Member Initialization
Next, make it a member of another class:
class B { public: A a; };
The default constructor of B seems to take care of initializing of A
No, this is not true.
- the implicit default constructor "B" will call the default constructor
A , but will not initialize the members. Direct or list initialization will not be initiated. Expression B b; for this example, it will call the default constructor, but leaves the undefined values ββof array A
1) However, if I use a custom constructor, I have to take care of this. The following two options:
class B { public: A a; B() : a() { } };
This will work;
2) or:
class B { public: A a{}; B() { } };
This will work;
Clearly, you should prefer the second option.

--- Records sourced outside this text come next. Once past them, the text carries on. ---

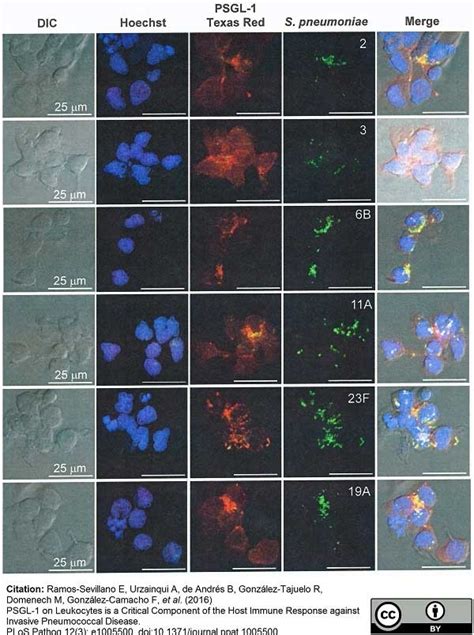 Anti Mouse IgG Antibody - Purified 1mg | Bio-Rad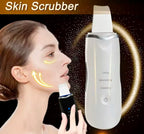 Ultrasonic Skin Scraper Deep Cleaning & Blackhead Remover Facial Spatula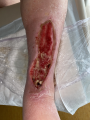 Tendon-Reliquat18.png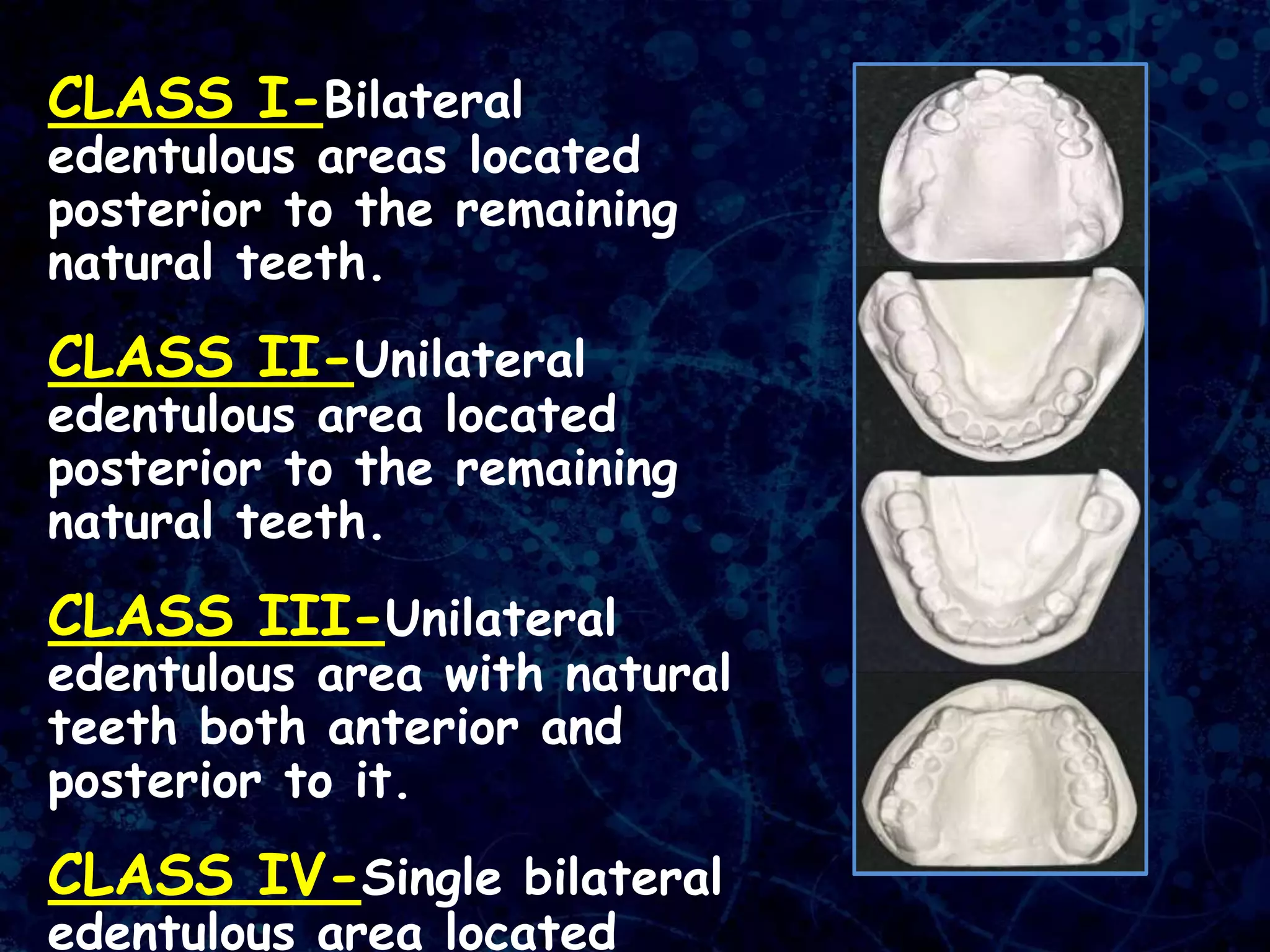 CLASS I-Bilateral
edentulous areas located
posterior to the remaining
natural teeth.
CLASS II-Unilateral
edentulous area located
posterior to the remaining
natural teeth.
CLASS III-Unilateral
edentulous area with natural
teeth both anterior and
posterior to it.
CLASS IV-Single bilateral
edentulous area located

Personally, I prefer to use curly braces everywhere, some exceptions for auto and cases where the constructor might mistake it for std::initializer_list :
class B { public: A a{}; };
Constructor
A std::vector will behave differently for std::vector<int> v1(5,10) and std::vector<int> v1{5,10} . with (5,10) you get 5 elements with a value of 10 each, but with {5,10} you get two elements containing 5 and 10 respectively, because std::initializer_list is very preferable if you use curly braces. This is very well explained in Scott Meyers article 7, Effective Modern C ++.
In particular, for the list of initiators of participants , two formats can be considered:
Fortunately, there is no risk of the most unpleasant analysis on the member initializer lists. Outside the initializer list, as a stand-alone instruction, A a() would declare a function vs. A a{} , which would be clear. In addition, list initialization has the advantage of preventing narrowing conversions.
So, in general, the answer to this question is that it depends on what you want to be sure, and which will determine the form you choose. For empty initializers, the rules are simpler.